The Zaparog Cossack’s grandson used to say that there was material for an Iliad in the exploits of his ancestors. He buried himself in the study of the annals of Little Russia; he collected the traditions; more than all, he picked up the national songs of the Ukraïna,—those kinds of heroic cantilenas composed by the players of the bandura. A modern diaskenastes, he constructed a body out of all these poetic remains, joined them together by means of a romantic plot, and renewed the astonishment caused by the appearance of “Evenings at the Farm,” by publishing “Taras Bulba.” The minister was convinced that a man who could thus revivify history could not fail to be skilled in teaching it: he therefore offered Gogol the chair of mediæval history in the University of Petersburg. The romancer gave only one lecture, his opening lecture. This day he dazzled his audience. The remainder of his course was for both students and professor only a long-continued bore, which ended finally in his losing the place.
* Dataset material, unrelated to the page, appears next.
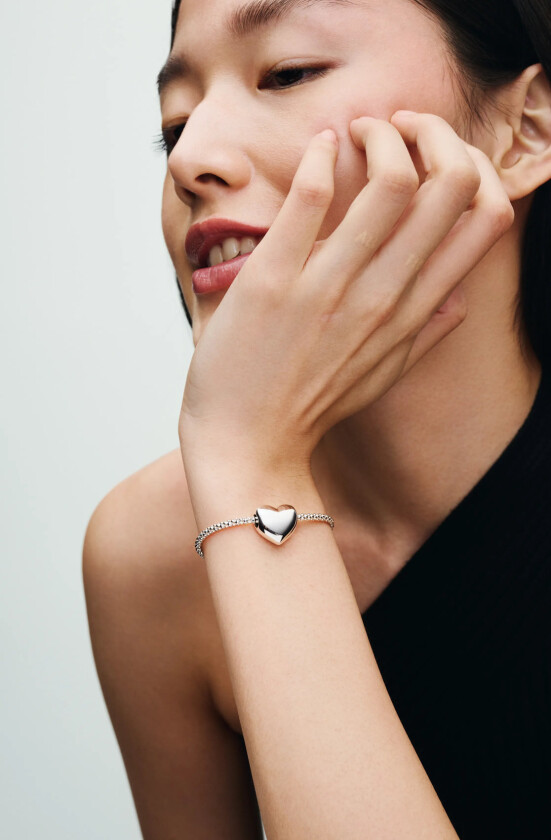 Engravable Large Heart Sterling Silver Charm - Silver - ONE SIZE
Gogol dreamed of a different success. In 1835 he published his comedy, “The Revizor” (The Inspector General). It was applauded, and, what was of more value, it was desperately attacked. The author gained as many admirers and enemies as “Tartuffe” cost Molière. At Petersburg, as at Paris, the masterpiece was produced on the stage, and kept before the public, only by a fortunate caprice on the part of the sovereign.
Gogol’s health, which had long been failing, caused him about this period to leave Russia. He lived many years in Italy. There he completed his great romance, “Dead Souls” (Mertvuia Dushi). The work appeared in complete form in 1841.[4] The author had reached a state of nervous irritation and hypochondria, which was more and more manifested in his correspondence, published in part towards 1846. The last years of Gogol’s life were only a long torture. A sort of mystic madness took possession of his brain, exhausted or over-excited by production: death put an end to his nervous disease (1852).